Cornwall County Council acquired both the ferry and the steamers in 1922 for £42,000. The Volta was immediately sold for breaking and two new ferries were ordered, which entered service in 1925 and 1926. These were the first ferries on the route designed to carry motor vehicles and could carry 800 passengers and 16 cars. Land was acquired on both sides of the rivers to lay a second set of chains and expand the landing beaches. A third, reserve, ferry was ordered and modern shore facilities were also built and twin-ferry operation began in July 1932. These changes made the supplementary steamer redundant and the Lady Beatrice was sold.

In July 1923 it was reported that an Asian elephant, named Julia, a part of the Bostock and Wombwell Menagerie, had swum across the river after she had broken loose and "launched herself from the ferry". She was encouraged to swim by her trainer who finally managed to loop a chain around her neck and she arrived safely at the other side.

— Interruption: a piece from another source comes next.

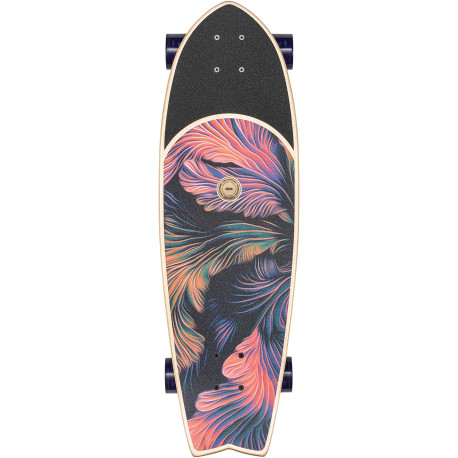 Skateboard Globe Sun City 30'' - Coral Unity- Complete 2023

Motor traffic using the route increased rapidly after World War II, and two new ferries with a capacity of 30 cars each were introduced by 1961. A third ferry entered service in 1966 and a marshalling area was built on the Torpoint foreshore, relieving congestion in the centre of Torpoint. The landing beaches were expanded further in 1972, allowing all three ferries to operate simultaneously. The three ferries were refitted in the 1980s and were stretched so that they could carry approximately 50 cars.
After the refit, they were named the Tamar, Lynher and Plym. These remained in service until 2005 when they were replaced by the current ferries.

All three ferries, Lynher, Plym and Tamar, were sold in 2004 for recycling by the company Smedegaarden located at Esbjerg in Denmark. They had the vessels towed across the North Sea and recycled in 2005.

In April 2022, a campaign pressure group known as the Tamar Toll Action Group was formed. Their stated goal is to seek an end to tolls on both Tamar crossings.